Douglas A. McIntyre is the co-founder, chief executive officer and editor in chief of 24/7 Wall St. and 24/7 Tempo. He has held these jobs since 2006.

McIntyre has written thousands of articles for 24/7 Wall St. He is an expert on corporate finance, the automotive industry, media companies and international finance. He has edited articles on national demographics, sports, personal income and travel.

His work has been quoted or mentioned in The New York Times, The Wall Street Journal, Los Angeles Times, The Washington Post, NBC News, Time, The New Yorker, HuffPost USA Today, Business Insider, Yahoo, AOL, MarketWatch, The Atlantic, Bloomberg, New York Post, Chicago Tribune, Forbes, The Guardian and many other major publications. McIntyre has been a guest on CNBC, the BBC and television and radio stations across the country.

A magna cum laude graduate of Harvard College, McIntyre also was president of The Harvard Advocate.

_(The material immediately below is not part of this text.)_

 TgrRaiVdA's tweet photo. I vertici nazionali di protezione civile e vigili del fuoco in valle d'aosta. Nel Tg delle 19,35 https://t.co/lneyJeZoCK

Founded in 1866, the Advocate is the oldest college publication in the United States.

TheStreet.com, Comps.com and Edgar Online are some of the public companies for which McIntyre served on the board of directors. He was a Vicinity Corporation board member when the company was sold to Microsoft in 2002. He served on the audit committees of some of these companies.

McIntyre has been the CEO of FutureSource, a provider of trading terminals and news to commodities and futures traders. He was president of Switchboard, the online phone directory company. He served as chairman and CEO of On2 Technologies, the video compression company that provided video compression software for Adobe’s Flash. Google bought On2 in 2009.